ANN ARBOR, Mich. — Ohio State found itself in a familiar position on Saturday as it headed to the halftime locker room trailing Michigan 14-10.
For the third consecutive season, the Buckeyes had played Michigan relatively evenly, putting themselves in a position where one strong half of football would push them to the Big Ten Championship Game. But just as the first half felt all too familiar, so did Ohio State’s inability to get stops when it mattered most.
After receiving the second half’s opening kickoff, Michigan tacked on a field goal to give itself a 17-10 lead. Ohio State drew even on the ensuing drive, scoring a touchdown to tie the score for the first time since the game was scoreless in the first quarter. Finally, Ohio State had seized momentum after seemingly fighting an uphill battle all afternoon following Kyle McCord’s first-quarter interception that set up Michigan’s first touchdown and a 7-0 lead.

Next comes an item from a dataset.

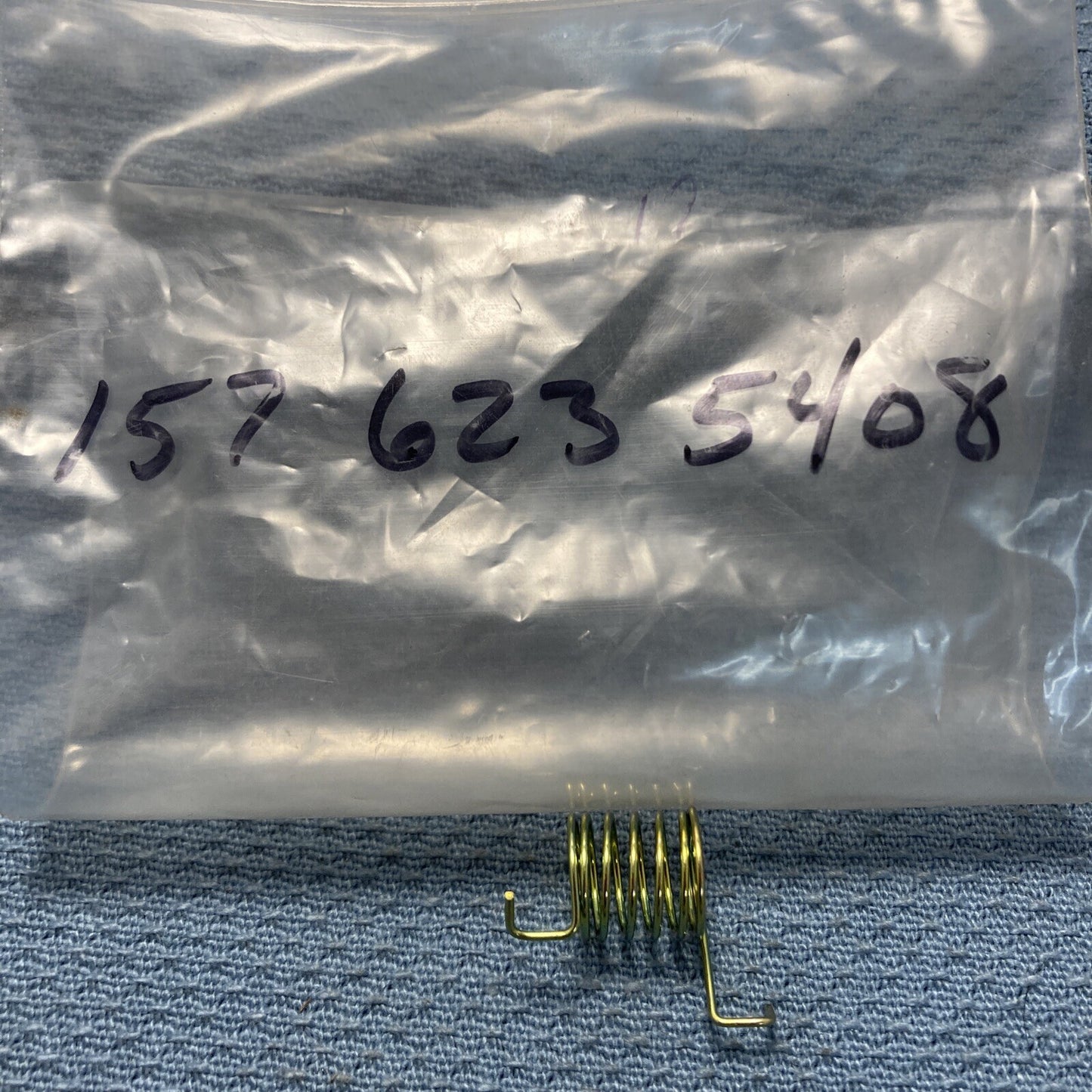 NEW ROBIN SUBARU 157-62354-08 Spring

The Ohio State defense responded by promptly giving the lead right back to Michigan as the Wolverines marched 75 yards on seven plays to regain a 24-17 lead. Michigan went on to add a field goal late in the third quarter to put Ohio State in a 10-point hole it was never able to escape.
McCord’s 14-yard touchdown pass to Marvin Harrison Jr. cut the Michigan lead to 27-24 midway through the fourth quarter, and Ohio State once again found itself in position to potentially take its first lead if its defense could muster just one stop.
Instead, Michigan proceeded to string together a staggering seven-minute drive that all but crippled Ohio State’s chances of winning and, in many ways, represented the slow death of its championship hopes. Michigan converted three first downs on the drive while forcing Ohio State head coach Ryan Day to burn all of his timeouts.
The Ohio State defense did manage to achieve the bare minimum of forcing Michigan to kick a field goal, but the damage had already been done as the 30-24 deficit forced McCord and the offense to get a touchdown with just a minute of the clock with which to work.
For all the improvement it showed over the course of the season in year two under defensive coordinator Jim Knowles, the Ohio State defense finished the regular season by allowing points on all four of Michigan’s possessions in the second half. Earlier in the season, Knowles spoke of the stop rate statistic being one of the few statistics in which he puts any stock when evaluating his defense given that the statistic measures the one goal —preventing points — every defense holds above all else.
In that regard, Ohio State’s second half defensively was a categorical failure. Even more troubling, the inability to get stops on Saturday added to a stretch that has now seen Ohio State allow points on 12 of the 13 possessions Michigan has had in the second halves on the last three meetings dating back to 2021.
“We just didn’t get the stops when we had to,” Knowles said after the game. “We had some guys in position but didn’t make the plays. You always wish you just made those plays in the critical moments. I thought the guys played hard, but it’s just disappointing.”
Knowles said the improvements his defense showed this season after a disastrous close to the 2022 season were “not enough” given its shortcomings in the biggest game of the season.
“Ultimately, you gotta win this game. I certainly feel like we were a play short, and that’s something I gotta keep working on,” Knowles said.